_Recorded information_
*-*-*

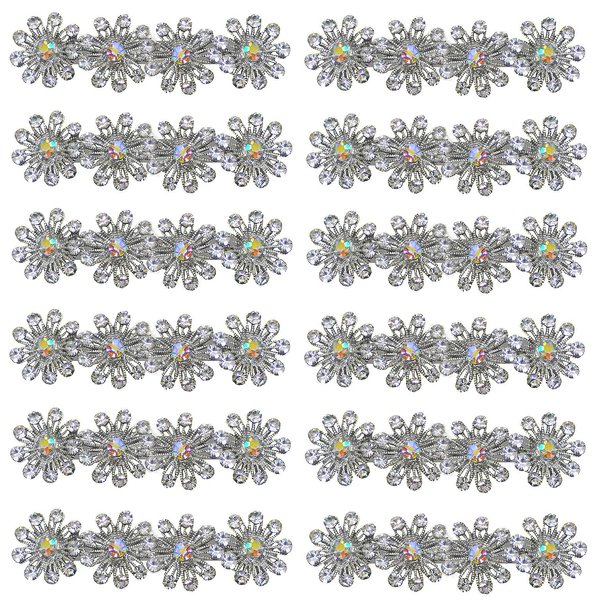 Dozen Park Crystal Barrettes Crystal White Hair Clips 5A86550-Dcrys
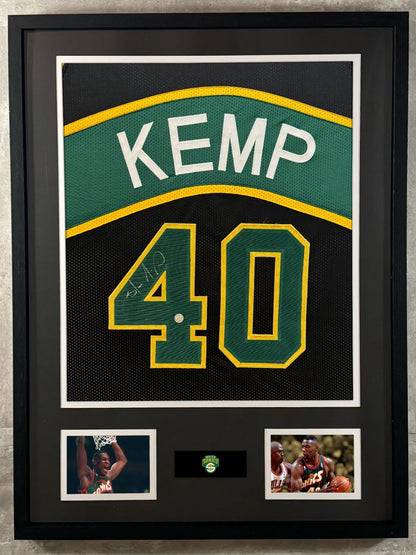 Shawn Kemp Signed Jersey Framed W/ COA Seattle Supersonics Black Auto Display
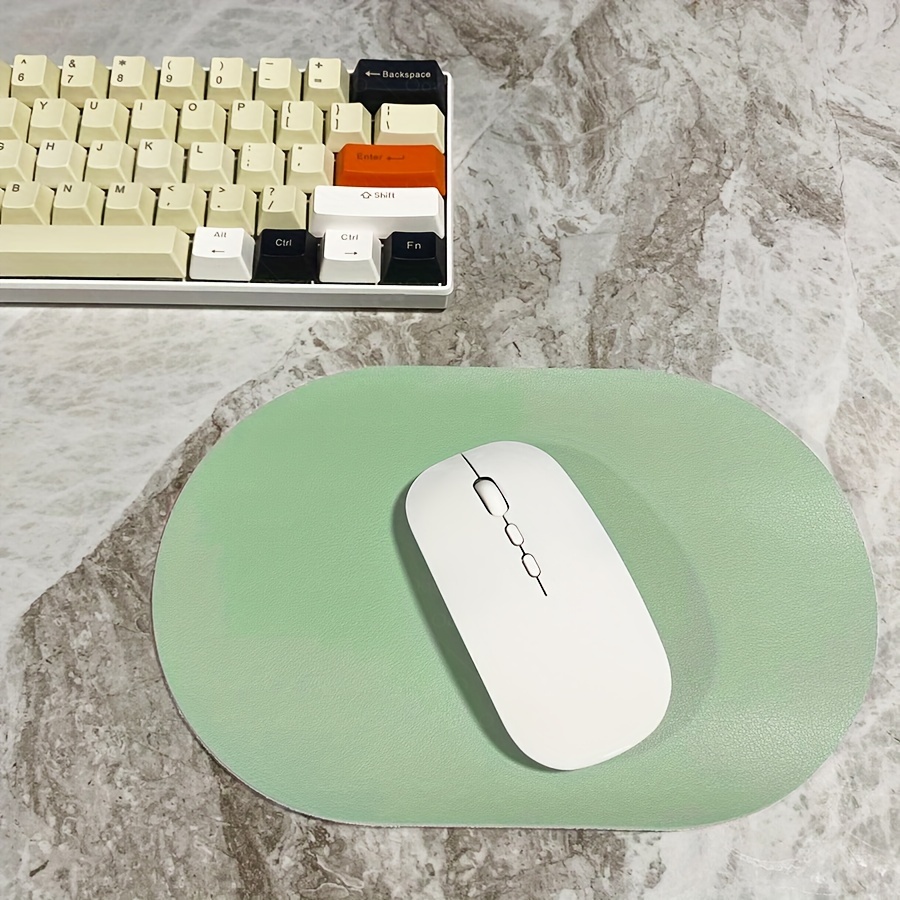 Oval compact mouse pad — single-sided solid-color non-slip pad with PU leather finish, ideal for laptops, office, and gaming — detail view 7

*-*-*

_About this task_
Repeat the data above in full and exactly. Omit every image.

_Completed task_
 Dozen Park Crystal Barrettes Crystal White Hair Clips 5A86550-Dcrys
 Shawn Kemp Signed Jersey Framed W/ COA Seattle Supersonics Black Auto Display
 Oval compact mouse pad — single-sided solid-color non-slip pad with PU leather finish, ideal for laptops, office, and gaming — detail view 7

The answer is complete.